Entertainment

Cult Movie: Monkey Shines a rare miss for chiller master George A Romero

Monkey Shines: An Experiment In Fear
Monkey Shines: An Experiment In Fear

THE great George A Romero and the world of independent cinema were made for each other.

It’s hard to imagine little home grown products like the director’s zombie game changer Night Of The Living Dead (1968) making it through the Hollywood studio system without being hacked to within an inch of its life.

The fact is all his finest work, from his still fresh social satires like Day Of the Dead (1979) to less appreciated modern vampire fables like Martin (1976), benefited enormously from being made as indie productions. They are Romero’s twisted vision and Romero’s alone and all remain untainted by the evil hand of studio focus groups or management interference.

When that studio system did seek to claim a little of Romero’s cult credibility for itself and the director partnered up with Orion pictures in 1988 the result was a badly compromised mess of a movie that stinks of studio meddling.

Monkey Shines: An Experiment In Fear is a deeply odd and disjointed film that sticks out like a sore and rather bloody thumb in Romero’s otherwise very solid CV.

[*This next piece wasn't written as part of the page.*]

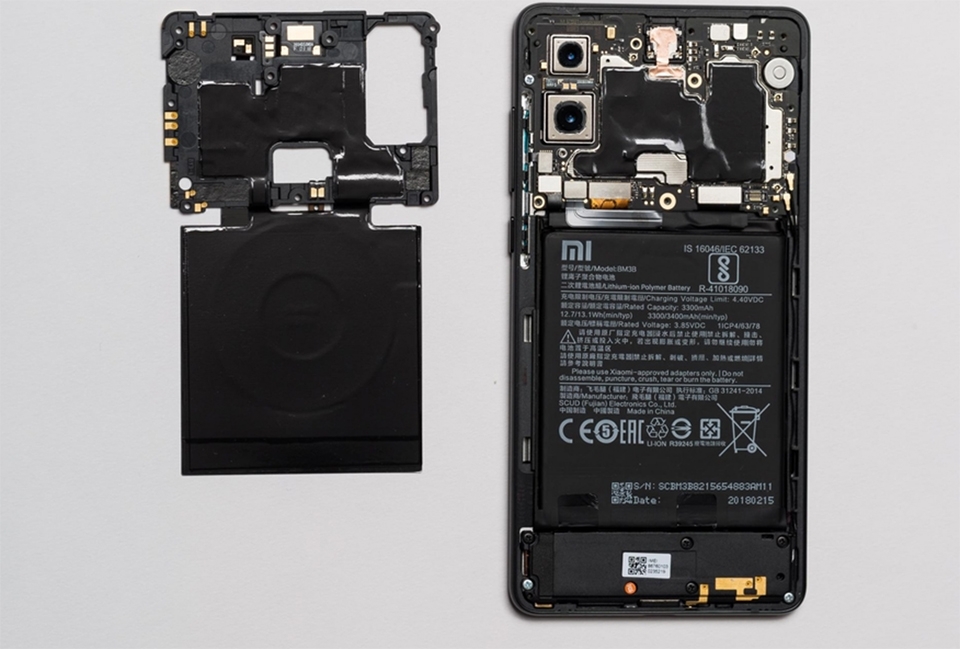 Mổ bụng Xiaomi Mi Mix 2S 08 Mổ bụng Xiaomi Mi Mix 2S 08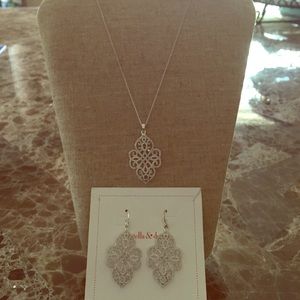 Stella & dot necklace earring set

Allan Mann (Jason Beghe) is a sports star who’s left bitter, broken and filled with rage when an accident renders him paralysed from the neck down. His life effectively over, he struggles daily with his wheelchair and anger issues until a scientist friend Geoffrey (John Pankow) gives him Ella, a capuchin helper monkey that he’s been experimenting on in private.

Initially Ella meets Allan’s every domestic need but gradually she starts to invade his innermost thoughts and before he knows it what starts as cleaning up around the house winds up in murder, mayhem and bloody revenge all being meted out by the mentally deranged monkey.

The experiments old Geoffrey has been undertaking on Ella have turned her into a strange and deadly beast capable of psychically locking minds with Allan and living out his every thought. When Allen gets angry Ella lashes out with murderous zeal taking out anyone in her primate path.

Now if the idea of a psycho monkey running riot through 1980s suburban America doesn’t tickle your cinematic fancy then you’re probably reading the wrong column frankly but while the premise sounds neat the delivery is totally schizophrenic. The long slow build-up to the moments of bloody revenge are played out like the most soppy of soap opera scenarios, down even to the maudlin piano soundtrack.

Things pick up rapidly as Allan – wheelchair bound, remember – has to try to stop his homicidal helper monkey before the bloodbath roars completely out of control and his new girlfriend Melanie (Kate McNeil) has to pay the ultimate price. Those pesky monkey maids can get very jealous, you know.

All in this remains a disappointment. The tension that arrives too late can’t save it from counting as a rare failure in Romero’s career. A good idea that lost too much in the making, it drove Romero back to his own back yard where much greater and altogether more gruesome creations were waiting to be unleashed.